Serves: 4
Ingredients:
500 gr Pork belly
8 pigs' cheeks
4 small endives (or celery sticks) trimmed
1 lb mirepoix
8 thin pineapple slices
For the stock:
1 carton apple juice
4 carrots
1 large or two small onions
4 celery sticks
½ cup of soy sauce
½ cup of honey
Method
Lightly brown the pork belly in a pan with its skin and fat and then place in pot.
Gently brown the pigs' cheeks in a pan and then place in pot.
Add the stock ingredients, top up with water if necessary, cover the pot well and simmer lightly for 3 to 4 hours, making sure the stock doesn't evaporate.
Alternatively put the pot in a very low oven and leave overnight.

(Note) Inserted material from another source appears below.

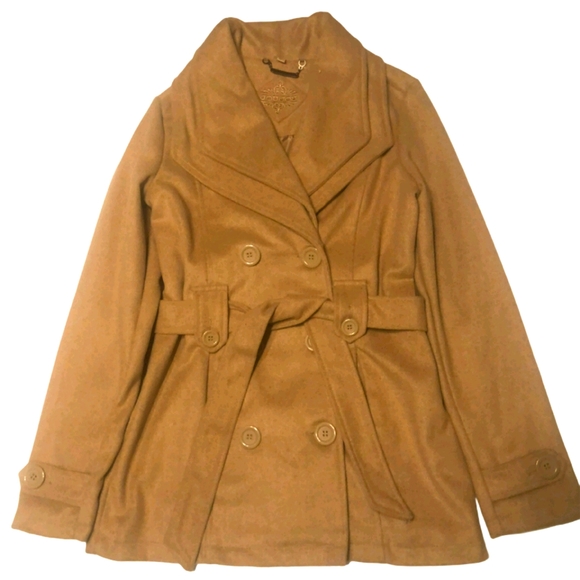 Jou Jou Double Collared Pea Coat (Big Girls) - Picture 1 of 8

Mirepoix and pineapple in syrup.
Make up a syrup of 250 ml water, 125 g sugar, 6 black peppercorns, a pinch of salt and a star anise. Put the mirepoix and pineapple slices in the syrup and leave to marinate. At least one hour and up to eight.
Pickled endive.
Make up a pickling liquor of 250ml water, 250ml wine vinegar, 125g sugar, 1 star anise, ½ cinnamon stick, 12 fennel seeds and a bay leaf. Marinate the endive as above.
Assembly.
When needed, remove the pork belly and the pig's cheek from the pot and reserve. Strain the stock and reduce to a sauce consistency. Check for seasoning. Slice the pork belly into four and pan fry until crisp. Reheat the pork cheeks in the reduced sauce. Reheat the pineapple and mirepoix, and the endive in their liquor.
Presentation.
Place the pork belly in the centre of the plate, pour sauce over, cover with the endive, the pineapple and the mirepoix. Top off with the pork cheeks. Serve with mashed potato.